Karen sniffled on the other end of the phone. “Honey, James and I just want you to be happy. We know there are things in your past you’re still dealing with. It doesn’t change the fact that we love you.”
“I don’t deserve it.” That was the heart of the matter, the essence of everything, even after all these years. In the back of my mind, there was still the question, If my own mama didn’t want me, how could anyone else? Ever.
“Of course you do, Dell.” Karen’s voice held the soft reassurance of a mother’s love. “You’ve had so much trauma in your past, and you’ve never let it stop you. You know, Grandma Rose used to say it’s not how you fall down that matters, it’s how you get back up. Every time I remember her saying that, I think of you. You deserve every good thing that comes your way. You’re the strongest person I know.”
I laughed and cried at the same time. How could she possibly mean that? “You’re the strongest person I know.”

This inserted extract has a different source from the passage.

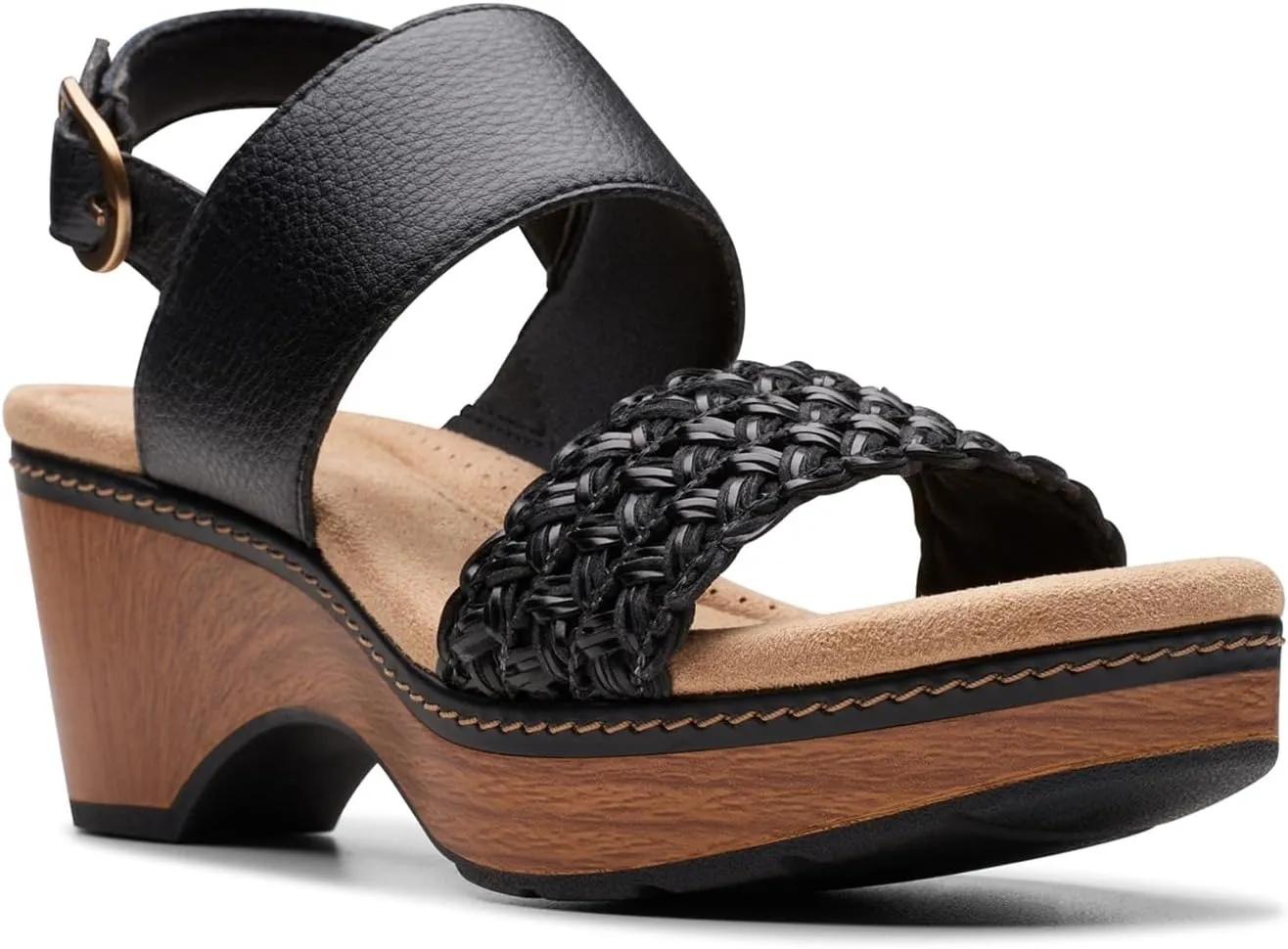 Clarks Womens Seannah Step Leather Cushioned Footbed Platform Sandals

“Dell, everyone has doubts on the inside,” she whispered, and I could picture her face as she said the words. I wished I could hug her through the phone. “Finding yourself is just part of growing up.”
“It’s hard.”
“I know,” she replied softly. “Your dad and I don’t mean to push you about Juilliard and all the rest of it. We want you to find your own way, and whatever you decide will be okay with us, I promise. Our love for you isn’t conditional on anything, all right?”
“All right.”
“Coming home?”
“I’m coming home.” Checking the clock, I switched the car into gear. “I should make it by supper time, or a little later.”
“Do me a favor,” Karen said before she hung up. “Take a little while to dry your eyes and settle down before you get on the highway. Get a little lunch or something. Don’t hurry. We’ll be waiting for you when you get here.”

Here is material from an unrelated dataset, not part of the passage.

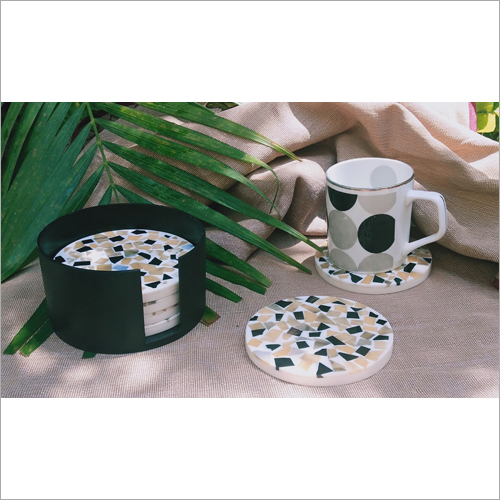 Coasters Yellow-black-round Set Of 6 With Stand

“Okay.” I pulled down the rearview mirror, then took a discarded napkin and started wiping my eyes. “I love you, Mom.”
“I love you, too.”
CHAPTER 22
Pulling onto the road again, I thought about Jace and Shasta. Shasta had retrieved her quilt and pillows fro
m the back of my car sometime after I’d left the campground, but I couldn’t leave without telling her and Jace good-bye and that I’d be back again after the crisis was over back home.
Drifting by one of Shasta’s murals, a warrior on horseback gazing at an eagle fly overhead, I felt a sense of loss. The warrior was so real, he seemed to watch me pass. His face, the strong chin, the full lips and pensive frown reminded me of Jace. I wondered if Shasta had used her brother as the model, or if I was only seeing what I wanted to see. In my mind, I was already writing a script in which Jace looked at me the way the warrior was looking at the eagle, as if it held him with a gravitational pull he couldn’t understand, as if he wanted to bring it closer, even though the idea was impractical.
This doesn’t make sense, part of me was saying. You barely know him. He has kids, a family, a life.
He’s too old for you, Nana Jo added.
Despite the voices of reason, I remembered the way he looked at me just before he kissed me, the way I felt when his arms slipped around me, strong and firm, drawing me in until his lips met mine and a hush fell over everything. In that moment, time stood still and there was nothing else in the world. My heart beat with his, as if we were one person, not two.
It was like nothing I’d ever experienced, like something from a movie or a fairy tale. When Jace took me in his arms, I could pour myself into him, and it was wonderful. The only other thing that swept me away like that was my music. Now music and Jace were intertwined, two passages to the innermost part of my soul.